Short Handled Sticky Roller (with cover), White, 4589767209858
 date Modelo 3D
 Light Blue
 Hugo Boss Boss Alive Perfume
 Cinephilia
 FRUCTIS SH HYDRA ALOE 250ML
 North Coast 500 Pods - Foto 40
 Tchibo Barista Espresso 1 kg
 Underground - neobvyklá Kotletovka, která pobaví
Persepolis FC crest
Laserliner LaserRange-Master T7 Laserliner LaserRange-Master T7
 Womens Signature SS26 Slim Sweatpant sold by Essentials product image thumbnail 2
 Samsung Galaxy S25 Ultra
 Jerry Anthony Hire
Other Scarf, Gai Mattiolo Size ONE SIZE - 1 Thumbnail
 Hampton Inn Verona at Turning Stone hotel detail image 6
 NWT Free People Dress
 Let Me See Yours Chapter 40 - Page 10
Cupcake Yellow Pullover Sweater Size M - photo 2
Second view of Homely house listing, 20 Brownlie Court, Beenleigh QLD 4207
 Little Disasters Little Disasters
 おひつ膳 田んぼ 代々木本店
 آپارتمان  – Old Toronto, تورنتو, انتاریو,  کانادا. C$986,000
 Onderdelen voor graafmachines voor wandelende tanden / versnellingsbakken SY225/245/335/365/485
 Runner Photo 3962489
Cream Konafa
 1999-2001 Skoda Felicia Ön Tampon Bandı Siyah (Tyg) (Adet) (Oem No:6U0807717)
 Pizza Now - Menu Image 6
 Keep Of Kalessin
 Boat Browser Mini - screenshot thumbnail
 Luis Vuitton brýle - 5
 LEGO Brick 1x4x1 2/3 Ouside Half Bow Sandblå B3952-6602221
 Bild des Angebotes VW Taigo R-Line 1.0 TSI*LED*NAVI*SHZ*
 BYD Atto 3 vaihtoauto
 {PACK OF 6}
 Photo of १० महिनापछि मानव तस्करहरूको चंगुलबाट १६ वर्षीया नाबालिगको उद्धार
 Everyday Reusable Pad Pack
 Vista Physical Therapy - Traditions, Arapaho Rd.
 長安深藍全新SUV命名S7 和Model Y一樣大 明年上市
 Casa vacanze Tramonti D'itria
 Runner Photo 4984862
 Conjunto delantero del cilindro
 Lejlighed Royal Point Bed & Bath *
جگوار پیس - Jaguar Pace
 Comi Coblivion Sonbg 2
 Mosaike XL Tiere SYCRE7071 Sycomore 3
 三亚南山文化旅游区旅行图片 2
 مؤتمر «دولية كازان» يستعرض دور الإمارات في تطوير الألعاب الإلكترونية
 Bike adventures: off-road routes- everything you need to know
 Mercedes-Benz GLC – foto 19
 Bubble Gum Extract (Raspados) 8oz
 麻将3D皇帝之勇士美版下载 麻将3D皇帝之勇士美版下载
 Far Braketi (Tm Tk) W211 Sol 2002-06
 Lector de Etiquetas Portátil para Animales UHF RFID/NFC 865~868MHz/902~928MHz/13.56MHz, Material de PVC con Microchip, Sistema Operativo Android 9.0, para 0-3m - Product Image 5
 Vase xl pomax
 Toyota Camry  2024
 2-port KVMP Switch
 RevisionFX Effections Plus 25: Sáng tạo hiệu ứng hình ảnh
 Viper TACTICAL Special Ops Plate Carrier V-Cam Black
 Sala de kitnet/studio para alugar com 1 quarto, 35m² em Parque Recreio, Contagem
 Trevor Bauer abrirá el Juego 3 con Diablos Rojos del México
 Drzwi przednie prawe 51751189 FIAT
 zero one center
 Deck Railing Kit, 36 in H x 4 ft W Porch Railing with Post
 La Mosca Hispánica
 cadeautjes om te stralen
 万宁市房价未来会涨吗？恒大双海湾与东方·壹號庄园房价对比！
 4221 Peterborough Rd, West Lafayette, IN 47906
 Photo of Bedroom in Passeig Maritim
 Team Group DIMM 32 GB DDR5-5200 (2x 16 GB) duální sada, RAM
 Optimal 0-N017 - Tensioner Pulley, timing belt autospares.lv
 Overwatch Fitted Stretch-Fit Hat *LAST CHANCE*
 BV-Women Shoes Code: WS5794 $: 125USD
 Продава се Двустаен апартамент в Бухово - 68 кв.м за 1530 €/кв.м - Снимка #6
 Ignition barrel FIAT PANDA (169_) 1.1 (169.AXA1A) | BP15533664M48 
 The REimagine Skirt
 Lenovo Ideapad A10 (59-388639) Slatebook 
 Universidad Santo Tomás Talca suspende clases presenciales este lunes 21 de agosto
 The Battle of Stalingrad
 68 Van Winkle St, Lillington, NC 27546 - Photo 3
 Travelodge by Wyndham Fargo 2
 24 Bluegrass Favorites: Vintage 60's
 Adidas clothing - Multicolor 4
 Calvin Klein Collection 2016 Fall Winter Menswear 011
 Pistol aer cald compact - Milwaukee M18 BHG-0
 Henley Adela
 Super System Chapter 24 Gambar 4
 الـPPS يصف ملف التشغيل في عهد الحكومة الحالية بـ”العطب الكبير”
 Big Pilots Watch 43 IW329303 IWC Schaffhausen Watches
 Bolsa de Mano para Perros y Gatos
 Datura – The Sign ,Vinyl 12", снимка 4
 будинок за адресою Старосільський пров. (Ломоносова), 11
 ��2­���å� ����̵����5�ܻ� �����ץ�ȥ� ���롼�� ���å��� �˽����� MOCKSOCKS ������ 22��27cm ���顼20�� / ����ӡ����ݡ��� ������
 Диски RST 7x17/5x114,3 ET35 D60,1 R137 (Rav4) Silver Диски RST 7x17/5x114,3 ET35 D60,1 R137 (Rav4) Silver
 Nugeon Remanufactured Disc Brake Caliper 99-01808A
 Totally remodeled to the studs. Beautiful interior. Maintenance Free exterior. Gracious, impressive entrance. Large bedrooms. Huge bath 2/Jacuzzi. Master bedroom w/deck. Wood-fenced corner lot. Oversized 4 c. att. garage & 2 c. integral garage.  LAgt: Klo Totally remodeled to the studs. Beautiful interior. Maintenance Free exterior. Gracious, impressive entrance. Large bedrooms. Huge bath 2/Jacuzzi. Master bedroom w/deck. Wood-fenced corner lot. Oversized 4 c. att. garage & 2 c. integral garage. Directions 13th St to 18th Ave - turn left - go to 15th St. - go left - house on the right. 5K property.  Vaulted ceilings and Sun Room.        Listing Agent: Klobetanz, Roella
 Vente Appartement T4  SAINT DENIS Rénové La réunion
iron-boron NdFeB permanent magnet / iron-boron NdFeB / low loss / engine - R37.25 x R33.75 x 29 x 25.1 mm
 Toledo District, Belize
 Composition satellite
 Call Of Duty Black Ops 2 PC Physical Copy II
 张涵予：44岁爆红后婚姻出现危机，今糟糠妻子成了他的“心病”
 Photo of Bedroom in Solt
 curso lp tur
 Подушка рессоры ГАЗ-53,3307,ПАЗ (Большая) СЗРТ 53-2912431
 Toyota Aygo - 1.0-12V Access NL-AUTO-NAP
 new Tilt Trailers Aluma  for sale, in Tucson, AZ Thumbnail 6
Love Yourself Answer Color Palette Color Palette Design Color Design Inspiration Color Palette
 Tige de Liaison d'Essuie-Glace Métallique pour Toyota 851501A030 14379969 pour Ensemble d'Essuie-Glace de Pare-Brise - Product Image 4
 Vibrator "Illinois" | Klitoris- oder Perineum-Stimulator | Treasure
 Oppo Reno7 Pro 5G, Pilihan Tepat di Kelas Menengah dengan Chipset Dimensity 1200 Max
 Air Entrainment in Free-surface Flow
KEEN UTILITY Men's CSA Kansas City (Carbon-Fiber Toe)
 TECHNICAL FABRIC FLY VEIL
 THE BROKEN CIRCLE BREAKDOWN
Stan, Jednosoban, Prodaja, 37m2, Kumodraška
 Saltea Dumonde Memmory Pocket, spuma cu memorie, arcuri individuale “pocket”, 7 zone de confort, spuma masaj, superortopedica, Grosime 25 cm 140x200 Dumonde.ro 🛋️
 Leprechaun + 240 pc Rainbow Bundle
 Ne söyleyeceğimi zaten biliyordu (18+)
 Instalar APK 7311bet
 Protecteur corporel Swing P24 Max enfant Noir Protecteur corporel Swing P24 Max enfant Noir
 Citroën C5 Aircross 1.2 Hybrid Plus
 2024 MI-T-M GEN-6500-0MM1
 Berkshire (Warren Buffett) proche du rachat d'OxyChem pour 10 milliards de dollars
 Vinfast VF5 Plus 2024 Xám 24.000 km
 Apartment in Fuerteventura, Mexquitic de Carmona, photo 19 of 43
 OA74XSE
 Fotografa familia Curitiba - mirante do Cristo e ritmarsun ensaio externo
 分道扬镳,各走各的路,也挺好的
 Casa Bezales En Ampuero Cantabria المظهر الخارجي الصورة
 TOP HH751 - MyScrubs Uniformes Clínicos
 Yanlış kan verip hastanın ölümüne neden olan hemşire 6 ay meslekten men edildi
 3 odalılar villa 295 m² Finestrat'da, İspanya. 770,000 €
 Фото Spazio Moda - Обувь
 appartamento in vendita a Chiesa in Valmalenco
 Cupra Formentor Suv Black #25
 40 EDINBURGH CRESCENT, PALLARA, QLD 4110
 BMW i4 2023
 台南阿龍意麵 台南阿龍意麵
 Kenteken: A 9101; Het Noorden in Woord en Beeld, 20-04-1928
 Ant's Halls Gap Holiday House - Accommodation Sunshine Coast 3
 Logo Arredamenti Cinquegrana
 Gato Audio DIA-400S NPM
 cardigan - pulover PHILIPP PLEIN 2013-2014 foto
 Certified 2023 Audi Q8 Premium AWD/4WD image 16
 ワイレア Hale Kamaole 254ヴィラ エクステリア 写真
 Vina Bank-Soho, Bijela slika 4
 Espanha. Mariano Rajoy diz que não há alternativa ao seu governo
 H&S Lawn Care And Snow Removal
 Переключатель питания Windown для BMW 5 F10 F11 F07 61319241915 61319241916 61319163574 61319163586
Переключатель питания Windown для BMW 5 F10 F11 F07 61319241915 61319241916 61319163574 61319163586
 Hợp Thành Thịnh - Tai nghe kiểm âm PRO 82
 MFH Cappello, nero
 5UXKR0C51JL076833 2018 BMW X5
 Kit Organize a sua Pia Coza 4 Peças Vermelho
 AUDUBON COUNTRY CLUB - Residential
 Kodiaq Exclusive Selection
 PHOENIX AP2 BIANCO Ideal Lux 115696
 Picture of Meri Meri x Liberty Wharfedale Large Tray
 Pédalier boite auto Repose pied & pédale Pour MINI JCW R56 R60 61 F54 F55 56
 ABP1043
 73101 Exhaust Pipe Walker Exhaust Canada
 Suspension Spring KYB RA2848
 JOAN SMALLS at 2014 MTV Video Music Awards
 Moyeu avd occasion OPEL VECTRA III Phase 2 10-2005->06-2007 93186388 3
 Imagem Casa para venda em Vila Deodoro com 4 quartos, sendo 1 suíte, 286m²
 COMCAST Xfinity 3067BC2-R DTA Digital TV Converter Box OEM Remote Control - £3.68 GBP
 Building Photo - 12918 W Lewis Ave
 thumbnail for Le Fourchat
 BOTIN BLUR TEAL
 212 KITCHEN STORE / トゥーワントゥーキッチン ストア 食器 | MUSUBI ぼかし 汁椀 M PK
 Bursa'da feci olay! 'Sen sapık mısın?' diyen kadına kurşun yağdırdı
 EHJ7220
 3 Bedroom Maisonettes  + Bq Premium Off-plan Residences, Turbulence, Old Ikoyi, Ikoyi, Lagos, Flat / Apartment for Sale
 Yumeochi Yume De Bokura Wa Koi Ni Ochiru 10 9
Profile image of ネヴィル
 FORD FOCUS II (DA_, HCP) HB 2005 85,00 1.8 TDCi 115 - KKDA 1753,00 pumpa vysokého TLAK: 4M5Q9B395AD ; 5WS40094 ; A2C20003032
○ ○ ○ ○ ○
__Task to carry out__
Retype the records above, but only those lines that fall between the line containing "Runner Photo 3962489" and the line containing "三亚南山文化旅游区旅行图片 2", with both of those lines included, exactly as written.

__The answer__
 Runner Photo 3962489
Cream Konafa
 1999-2001 Skoda Felicia Ön Tampon Bandı Siyah (Tyg) (Adet) (Oem No:6U0807717)
 Pizza Now - Menu Image 6
 Keep Of Kalessin
 Boat Browser Mini - screenshot thumbnail
 Luis Vuitton brýle - 5
 LEGO Brick 1x4x1 2/3 Ouside Half Bow Sandblå B3952-6602221
 Bild des Angebotes VW Taigo R-Line 1.0 TSI*LED*NAVI*SHZ*
 BYD Atto 3 vaihtoauto
 {PACK OF 6}
 Photo of १० महिनापछि मानव तस्करहरूको चंगुलबाट १६ वर्षीया नाबालिगको उद्धार
 Everyday Reusable Pad Pack
 Vista Physical Therapy - Traditions, Arapaho Rd.
 長安深藍全新SUV命名S7 和Model Y一樣大 明年上市
 Casa vacanze Tramonti D'itria
 Runner Photo 4984862
 Conjunto delantero del cilindro
 Lejlighed Royal Point Bed & Bath *
جگوار پیس - Jaguar Pace
 Comi Coblivion Sonbg 2
 Mosaike XL Tiere SYCRE7071 Sycomore 3
 三亚南山文化旅游区旅行图片 2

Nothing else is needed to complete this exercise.